Regular enquiries from small fish kept the trigger finger twitchy and an hour or so later a more pronounced question met with the inevitable and the final chub of the day was on.
This time the two of us were conjoined via a size 8 to 4.4 fluorocarbon.
On the face of it there should only have been one winner and, ultimately, that of course would be the case but it took a while and the further upstream the fish was drawn the better it felt in the flow, she facing into the aqueous pressure, the trotter with other ideas and angles.
Prior to this day the best fish this rod had handled was only just over two pounds but it really was now showing itself to be an impressive piece of design and engineering. Not the most recent of products but new is not always best and the fighting curve was a joy.
The fish meanwhile was not so impressed by the gear albeit it was getting to subdue this prey slowly.
Soon, mouth out, a gasp of air and a street slide sideways had it in the net.
"Another four!", I muttered to myself.
Rod laid to one side and a lift of the net met with nothing. Aha, the net must have been caught but, no, it transpired it was the belly of the fish that caused the issue.
This was no four pounder.
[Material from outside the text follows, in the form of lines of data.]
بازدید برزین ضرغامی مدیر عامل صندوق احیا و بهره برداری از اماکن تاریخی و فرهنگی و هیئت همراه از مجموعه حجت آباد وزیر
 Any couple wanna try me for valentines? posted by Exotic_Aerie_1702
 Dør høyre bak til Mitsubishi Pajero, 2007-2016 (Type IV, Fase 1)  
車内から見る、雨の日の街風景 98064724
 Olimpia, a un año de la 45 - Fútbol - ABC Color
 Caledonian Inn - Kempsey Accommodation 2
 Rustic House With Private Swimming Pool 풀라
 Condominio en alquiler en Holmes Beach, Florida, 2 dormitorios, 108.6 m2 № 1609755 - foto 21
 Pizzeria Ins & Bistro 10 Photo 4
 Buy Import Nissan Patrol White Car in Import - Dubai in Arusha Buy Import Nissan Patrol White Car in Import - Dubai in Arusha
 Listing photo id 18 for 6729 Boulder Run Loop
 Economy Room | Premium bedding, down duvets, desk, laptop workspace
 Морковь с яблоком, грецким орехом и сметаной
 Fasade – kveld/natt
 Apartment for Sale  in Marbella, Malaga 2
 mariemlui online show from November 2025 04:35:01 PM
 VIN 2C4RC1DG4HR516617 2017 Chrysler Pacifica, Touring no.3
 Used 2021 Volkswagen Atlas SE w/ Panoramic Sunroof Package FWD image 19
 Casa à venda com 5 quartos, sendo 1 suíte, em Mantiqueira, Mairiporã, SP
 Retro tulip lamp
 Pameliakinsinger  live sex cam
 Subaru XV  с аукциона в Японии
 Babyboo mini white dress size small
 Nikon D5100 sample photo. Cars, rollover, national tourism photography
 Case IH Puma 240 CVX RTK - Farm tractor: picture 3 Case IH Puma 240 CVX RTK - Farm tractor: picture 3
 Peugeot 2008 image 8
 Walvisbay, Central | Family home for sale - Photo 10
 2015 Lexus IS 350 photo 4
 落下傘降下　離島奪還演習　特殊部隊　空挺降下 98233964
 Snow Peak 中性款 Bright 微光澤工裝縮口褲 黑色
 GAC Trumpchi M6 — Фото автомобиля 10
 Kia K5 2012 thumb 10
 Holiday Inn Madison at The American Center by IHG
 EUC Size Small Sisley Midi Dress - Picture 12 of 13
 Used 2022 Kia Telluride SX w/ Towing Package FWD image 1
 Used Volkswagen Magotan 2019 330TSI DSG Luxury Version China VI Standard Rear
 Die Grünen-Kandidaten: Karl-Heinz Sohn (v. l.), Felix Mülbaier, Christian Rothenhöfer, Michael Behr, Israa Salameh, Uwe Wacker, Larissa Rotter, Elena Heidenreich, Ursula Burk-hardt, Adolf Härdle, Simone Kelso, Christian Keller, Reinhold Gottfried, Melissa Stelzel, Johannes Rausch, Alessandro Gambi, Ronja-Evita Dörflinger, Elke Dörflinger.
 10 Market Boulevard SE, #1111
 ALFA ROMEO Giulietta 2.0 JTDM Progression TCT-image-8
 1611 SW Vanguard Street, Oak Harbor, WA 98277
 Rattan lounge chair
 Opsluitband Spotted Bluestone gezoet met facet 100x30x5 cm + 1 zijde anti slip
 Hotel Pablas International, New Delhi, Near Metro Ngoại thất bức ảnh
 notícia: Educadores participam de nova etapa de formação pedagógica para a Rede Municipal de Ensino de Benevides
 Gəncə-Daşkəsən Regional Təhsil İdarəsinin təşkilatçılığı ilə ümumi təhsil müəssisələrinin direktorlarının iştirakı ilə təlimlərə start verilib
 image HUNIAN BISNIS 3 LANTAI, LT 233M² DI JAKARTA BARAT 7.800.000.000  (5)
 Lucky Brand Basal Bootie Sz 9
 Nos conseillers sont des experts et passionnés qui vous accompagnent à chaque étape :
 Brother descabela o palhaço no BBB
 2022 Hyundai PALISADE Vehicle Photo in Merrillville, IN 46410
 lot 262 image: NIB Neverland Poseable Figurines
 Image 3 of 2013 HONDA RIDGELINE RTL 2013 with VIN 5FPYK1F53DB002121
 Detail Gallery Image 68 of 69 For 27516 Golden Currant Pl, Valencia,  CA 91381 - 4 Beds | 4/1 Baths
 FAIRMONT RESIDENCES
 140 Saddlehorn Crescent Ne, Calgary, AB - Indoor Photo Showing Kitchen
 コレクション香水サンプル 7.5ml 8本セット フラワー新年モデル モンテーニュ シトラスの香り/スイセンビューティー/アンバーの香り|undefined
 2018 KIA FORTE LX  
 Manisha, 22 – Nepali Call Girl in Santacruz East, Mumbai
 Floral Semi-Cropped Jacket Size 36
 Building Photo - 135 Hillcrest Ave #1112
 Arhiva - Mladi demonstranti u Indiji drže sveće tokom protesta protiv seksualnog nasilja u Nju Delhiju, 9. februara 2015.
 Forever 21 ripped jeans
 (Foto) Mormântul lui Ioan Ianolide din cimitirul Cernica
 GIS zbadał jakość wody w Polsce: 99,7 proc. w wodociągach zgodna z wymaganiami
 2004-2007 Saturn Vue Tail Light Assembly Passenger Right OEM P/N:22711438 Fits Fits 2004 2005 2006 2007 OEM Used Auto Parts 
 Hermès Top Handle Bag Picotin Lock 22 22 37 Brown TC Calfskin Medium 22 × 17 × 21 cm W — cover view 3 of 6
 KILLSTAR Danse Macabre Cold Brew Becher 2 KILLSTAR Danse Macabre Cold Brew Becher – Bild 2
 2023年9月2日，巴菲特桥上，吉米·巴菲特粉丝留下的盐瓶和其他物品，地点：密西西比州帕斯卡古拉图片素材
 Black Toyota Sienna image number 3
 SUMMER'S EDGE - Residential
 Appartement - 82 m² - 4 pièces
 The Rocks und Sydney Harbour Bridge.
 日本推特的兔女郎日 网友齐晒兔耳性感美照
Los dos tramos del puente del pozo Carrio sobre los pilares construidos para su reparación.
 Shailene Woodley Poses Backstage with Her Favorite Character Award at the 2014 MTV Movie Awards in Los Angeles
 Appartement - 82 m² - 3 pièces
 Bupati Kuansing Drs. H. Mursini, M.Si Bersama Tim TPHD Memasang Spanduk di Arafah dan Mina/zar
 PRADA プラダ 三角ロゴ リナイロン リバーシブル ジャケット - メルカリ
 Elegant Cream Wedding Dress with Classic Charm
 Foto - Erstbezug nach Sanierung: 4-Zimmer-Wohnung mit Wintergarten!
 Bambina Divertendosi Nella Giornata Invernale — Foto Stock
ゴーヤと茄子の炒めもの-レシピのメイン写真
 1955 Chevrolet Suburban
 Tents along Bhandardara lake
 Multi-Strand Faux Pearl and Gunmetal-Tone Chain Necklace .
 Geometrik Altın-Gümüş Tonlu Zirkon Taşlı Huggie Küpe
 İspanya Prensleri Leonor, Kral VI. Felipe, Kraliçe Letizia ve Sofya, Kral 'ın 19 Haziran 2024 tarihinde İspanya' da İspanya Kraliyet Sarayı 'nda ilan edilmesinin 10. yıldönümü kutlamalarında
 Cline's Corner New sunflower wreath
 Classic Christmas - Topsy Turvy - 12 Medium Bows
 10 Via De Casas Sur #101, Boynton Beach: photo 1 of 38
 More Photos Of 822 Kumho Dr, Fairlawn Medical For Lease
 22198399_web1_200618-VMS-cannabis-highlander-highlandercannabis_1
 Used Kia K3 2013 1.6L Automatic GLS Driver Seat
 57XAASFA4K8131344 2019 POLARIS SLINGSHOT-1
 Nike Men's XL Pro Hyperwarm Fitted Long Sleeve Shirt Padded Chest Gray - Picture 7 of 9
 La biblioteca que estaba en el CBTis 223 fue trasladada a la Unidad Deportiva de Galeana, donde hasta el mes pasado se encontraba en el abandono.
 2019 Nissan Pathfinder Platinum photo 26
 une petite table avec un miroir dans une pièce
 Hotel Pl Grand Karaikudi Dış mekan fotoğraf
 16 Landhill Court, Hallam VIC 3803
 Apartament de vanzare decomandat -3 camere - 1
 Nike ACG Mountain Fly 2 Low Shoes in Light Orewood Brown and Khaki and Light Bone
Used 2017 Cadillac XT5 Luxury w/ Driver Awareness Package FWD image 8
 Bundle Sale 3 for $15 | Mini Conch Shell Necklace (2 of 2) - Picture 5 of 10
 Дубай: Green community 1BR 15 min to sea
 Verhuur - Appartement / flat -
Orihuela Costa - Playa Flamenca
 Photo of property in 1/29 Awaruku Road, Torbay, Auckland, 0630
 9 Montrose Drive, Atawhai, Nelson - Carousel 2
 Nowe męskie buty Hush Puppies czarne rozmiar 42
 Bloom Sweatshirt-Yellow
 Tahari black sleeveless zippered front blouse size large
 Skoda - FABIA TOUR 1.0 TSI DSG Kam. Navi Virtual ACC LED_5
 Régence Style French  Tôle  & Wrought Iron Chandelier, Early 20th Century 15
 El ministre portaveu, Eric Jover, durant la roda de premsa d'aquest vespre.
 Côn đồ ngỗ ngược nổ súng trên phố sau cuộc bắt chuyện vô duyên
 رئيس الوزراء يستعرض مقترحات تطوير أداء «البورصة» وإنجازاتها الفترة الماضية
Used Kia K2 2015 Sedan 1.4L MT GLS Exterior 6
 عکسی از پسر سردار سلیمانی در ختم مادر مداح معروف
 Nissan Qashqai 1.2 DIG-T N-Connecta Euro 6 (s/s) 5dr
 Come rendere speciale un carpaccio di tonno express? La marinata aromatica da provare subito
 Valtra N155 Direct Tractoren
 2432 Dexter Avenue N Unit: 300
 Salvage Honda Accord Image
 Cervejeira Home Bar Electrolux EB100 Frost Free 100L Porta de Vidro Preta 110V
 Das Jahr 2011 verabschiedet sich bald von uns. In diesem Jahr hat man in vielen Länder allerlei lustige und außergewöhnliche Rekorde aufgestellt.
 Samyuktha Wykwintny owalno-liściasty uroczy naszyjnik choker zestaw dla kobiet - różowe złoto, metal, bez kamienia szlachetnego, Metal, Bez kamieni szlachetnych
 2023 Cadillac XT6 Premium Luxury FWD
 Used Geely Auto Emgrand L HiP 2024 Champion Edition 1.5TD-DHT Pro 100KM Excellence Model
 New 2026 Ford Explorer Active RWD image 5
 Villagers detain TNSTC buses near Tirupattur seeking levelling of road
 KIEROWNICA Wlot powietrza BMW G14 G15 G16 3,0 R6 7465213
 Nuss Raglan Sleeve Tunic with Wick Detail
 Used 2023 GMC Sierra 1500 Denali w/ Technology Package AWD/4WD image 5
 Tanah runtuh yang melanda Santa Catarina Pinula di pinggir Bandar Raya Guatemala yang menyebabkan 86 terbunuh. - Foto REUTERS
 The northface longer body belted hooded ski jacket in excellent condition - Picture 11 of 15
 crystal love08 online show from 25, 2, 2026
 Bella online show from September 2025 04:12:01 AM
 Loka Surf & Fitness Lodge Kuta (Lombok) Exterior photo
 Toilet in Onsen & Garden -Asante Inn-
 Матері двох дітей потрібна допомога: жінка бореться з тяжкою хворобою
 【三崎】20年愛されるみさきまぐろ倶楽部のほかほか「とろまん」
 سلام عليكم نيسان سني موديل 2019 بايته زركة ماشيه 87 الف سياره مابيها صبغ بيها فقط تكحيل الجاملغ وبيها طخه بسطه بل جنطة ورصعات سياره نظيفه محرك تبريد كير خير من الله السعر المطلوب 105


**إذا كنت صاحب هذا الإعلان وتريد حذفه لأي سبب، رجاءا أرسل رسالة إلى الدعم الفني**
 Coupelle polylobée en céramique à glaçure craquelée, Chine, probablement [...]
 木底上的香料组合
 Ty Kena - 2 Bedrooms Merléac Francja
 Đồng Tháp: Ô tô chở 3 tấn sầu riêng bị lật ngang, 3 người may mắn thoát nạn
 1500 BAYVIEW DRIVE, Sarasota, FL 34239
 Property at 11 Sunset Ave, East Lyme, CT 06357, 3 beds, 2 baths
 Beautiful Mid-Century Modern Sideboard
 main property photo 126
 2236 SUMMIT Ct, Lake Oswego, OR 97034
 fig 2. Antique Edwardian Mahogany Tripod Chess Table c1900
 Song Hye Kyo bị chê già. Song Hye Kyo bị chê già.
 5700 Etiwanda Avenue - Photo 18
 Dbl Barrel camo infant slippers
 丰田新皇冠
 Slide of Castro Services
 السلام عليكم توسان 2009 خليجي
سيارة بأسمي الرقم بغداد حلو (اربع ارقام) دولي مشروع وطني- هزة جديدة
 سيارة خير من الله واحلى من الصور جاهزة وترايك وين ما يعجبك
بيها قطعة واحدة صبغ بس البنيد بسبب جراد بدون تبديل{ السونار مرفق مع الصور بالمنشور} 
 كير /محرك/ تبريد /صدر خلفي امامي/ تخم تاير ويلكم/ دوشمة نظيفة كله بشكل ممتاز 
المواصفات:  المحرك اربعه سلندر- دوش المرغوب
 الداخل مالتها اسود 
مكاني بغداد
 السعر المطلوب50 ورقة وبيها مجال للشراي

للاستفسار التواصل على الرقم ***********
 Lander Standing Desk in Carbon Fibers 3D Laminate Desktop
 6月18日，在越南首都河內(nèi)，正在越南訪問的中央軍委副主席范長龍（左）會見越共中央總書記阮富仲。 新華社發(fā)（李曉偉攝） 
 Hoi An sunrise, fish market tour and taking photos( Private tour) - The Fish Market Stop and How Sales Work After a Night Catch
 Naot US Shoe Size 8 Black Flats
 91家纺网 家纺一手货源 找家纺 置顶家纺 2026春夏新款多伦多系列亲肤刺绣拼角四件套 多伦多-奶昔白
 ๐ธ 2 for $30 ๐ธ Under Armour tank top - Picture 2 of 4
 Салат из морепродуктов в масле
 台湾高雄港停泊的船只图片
Earlier p.b. beware.
I knew the sling weighed around a pound, and 64 ounces on my small yet perfectly formed scales represented 4lbs.
"107 ounces!", the scales pronounced. Less 16odd was looking like 90 ounces.
What did that mean?
I was reckoning on five pounds ten.
Shaking and not unduly stunned I floated along to my partner for the day who simply asked, "What's that?!" upon sight of straining net approaching.
"A massive chub", came the bemused reply, "I reckon it's 90 ounces, 5.10!?".
We gave it a proper, considered, undithering weigh and Nathan confirmed 5 pounds 11 ounces on the button.
|Second and massive p.b. of the day|
A truly beautiful fish, yet more impressive than that; and in celebration the local otter drifted past and, just as quickly, out of sight.
A conclusion to events and I couldn't thank poor old Nathan enough. He wore Lone Angler and occasionally cut the figure of one but he remained irrepressibly enthusiastic for my catches and that's just fishing; sometimes you're on 'em, sometimes you ain't and there's nowt to be done. At least as the host he could sleep comfortably that night. There is surely nothing worse than inviting an angler and them catching nothing.
Two consecutive river chub p.b's, a catch of 22lbs, a good friend made, tales and knowledge shared and new lessons learned.
What could be better, but hold on!...there's Monday yet.
Warwickshire Avon again...piking.
We track down the topping dawn shoal and good pike tear through very active two to six ounce fish three or four times.
Three runs, three inconclusively hooked fish, all lost and one dropped run.
Secondary bread swim primed ready for last two hours of daylight.
As I said, you're either on 'em or your not.